Em sua explanação durante o evento, Picchetti mencionou que a palavra do ano de 2025 poderia ser incerteza.

“A gente está num mundo agora que a gente não sabe se vai continuar. Mas por enquanto é um mundo diferente de tudo que a gente conheceu. Não é só variáveis econômicas se comportando de alguma forma muito diferente. Institucionalmente você tem um presidente dos Estados Unidos atacando o chairman do FED (Federal Reserve), questionando a legitimidade e a autonomia do FED. Isso tem um impacto muito grande, inclusive ao longo do tempo. De você criar um ambiente institucional onde o impacto sobre o preço dos ativos é uma coisa muito grande”, ressaltou Picchetti.

O diretor lembrou os reflexos de medidas do governo do presidente norte-americano Donald Trump sobre títulos do governo americano, considerados porto seguro especialmente em momentos de aversão a riscos.

“Esse que é o grande desafio agora. Você está vivendo um mundo onde institucionalmente você tem várias ameaças para um conjunto de coisas que de alguma forma ou de outra eram bem entendidas e funcionaram bem no mundo. Comércio é outra delas. A gente sabe, desde o século XIX, que comércio explora vantagem relativas entre os países, é uma coisa que faz todo mundo melhorar. Parece que a gente desaprendeu isso, retrocedeu 200 anos”, disse Picchetti.

Segundo ele, eventos extremos em geral dificultam projeção para cenários na condução da política monetária.

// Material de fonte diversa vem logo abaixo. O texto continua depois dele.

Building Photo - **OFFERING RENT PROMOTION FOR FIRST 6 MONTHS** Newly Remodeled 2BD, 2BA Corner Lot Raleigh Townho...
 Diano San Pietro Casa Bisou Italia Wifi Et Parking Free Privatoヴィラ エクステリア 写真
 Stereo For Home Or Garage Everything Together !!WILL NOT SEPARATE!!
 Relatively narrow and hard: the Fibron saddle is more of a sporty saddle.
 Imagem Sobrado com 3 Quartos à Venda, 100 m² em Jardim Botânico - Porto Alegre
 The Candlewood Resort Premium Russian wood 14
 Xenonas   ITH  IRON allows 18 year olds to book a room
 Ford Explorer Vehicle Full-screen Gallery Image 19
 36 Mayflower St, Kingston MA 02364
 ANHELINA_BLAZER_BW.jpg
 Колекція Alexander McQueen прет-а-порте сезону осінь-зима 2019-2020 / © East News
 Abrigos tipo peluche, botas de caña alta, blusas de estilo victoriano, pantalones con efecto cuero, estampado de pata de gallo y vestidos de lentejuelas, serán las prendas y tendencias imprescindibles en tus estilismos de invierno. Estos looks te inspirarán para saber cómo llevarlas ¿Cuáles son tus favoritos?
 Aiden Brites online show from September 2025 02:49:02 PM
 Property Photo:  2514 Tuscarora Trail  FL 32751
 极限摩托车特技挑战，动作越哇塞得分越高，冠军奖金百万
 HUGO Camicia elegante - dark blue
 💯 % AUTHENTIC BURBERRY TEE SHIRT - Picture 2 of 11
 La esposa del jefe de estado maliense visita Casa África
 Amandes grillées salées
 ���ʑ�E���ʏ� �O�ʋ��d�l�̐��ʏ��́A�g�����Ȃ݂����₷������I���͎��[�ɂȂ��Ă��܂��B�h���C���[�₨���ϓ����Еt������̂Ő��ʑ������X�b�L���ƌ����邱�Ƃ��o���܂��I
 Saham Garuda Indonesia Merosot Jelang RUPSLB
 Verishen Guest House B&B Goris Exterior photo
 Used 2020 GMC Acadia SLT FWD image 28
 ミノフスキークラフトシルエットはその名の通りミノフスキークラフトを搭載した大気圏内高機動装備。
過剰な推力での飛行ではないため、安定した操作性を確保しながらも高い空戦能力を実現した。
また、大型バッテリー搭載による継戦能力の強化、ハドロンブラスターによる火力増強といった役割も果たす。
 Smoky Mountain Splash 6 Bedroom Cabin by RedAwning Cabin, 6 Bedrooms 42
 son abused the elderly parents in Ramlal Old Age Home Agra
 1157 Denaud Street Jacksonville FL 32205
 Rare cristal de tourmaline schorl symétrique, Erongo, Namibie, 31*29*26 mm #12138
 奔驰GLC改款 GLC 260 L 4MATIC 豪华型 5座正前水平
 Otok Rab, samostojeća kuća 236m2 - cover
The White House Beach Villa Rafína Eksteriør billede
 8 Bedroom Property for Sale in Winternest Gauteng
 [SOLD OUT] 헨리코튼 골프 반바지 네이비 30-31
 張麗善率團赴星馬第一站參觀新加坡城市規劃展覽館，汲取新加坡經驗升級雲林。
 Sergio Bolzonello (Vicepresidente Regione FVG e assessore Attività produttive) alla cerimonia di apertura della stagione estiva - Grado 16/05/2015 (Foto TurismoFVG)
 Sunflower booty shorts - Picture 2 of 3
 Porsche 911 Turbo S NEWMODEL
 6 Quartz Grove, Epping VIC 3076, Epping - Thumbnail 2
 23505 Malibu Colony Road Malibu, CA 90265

“Incerteza realmente é uma situação que você não consegue nem probabilisticamente fazer uma projeção robusta acerca dela. Então é um desafio, porque não tem a amostra para você fazer isso. Quantos 11 de setembro você teve na vida? Quantos Liberation days? Quando aparece é o tal do cisne negro. Agora, esse é um desafio para o formulador de política econômica, porque você tem que tomar decisão”, contou. “Eu estava tentando trazer do debate, de como a literatura evoluiu em casos como esse, você aliar, dependendo do estágio, do ciclo que você está, de aperto monetário, dependendo das condições, você explorar esse trade-off, esse compromisso entre gradualismo e choques muito fortes.”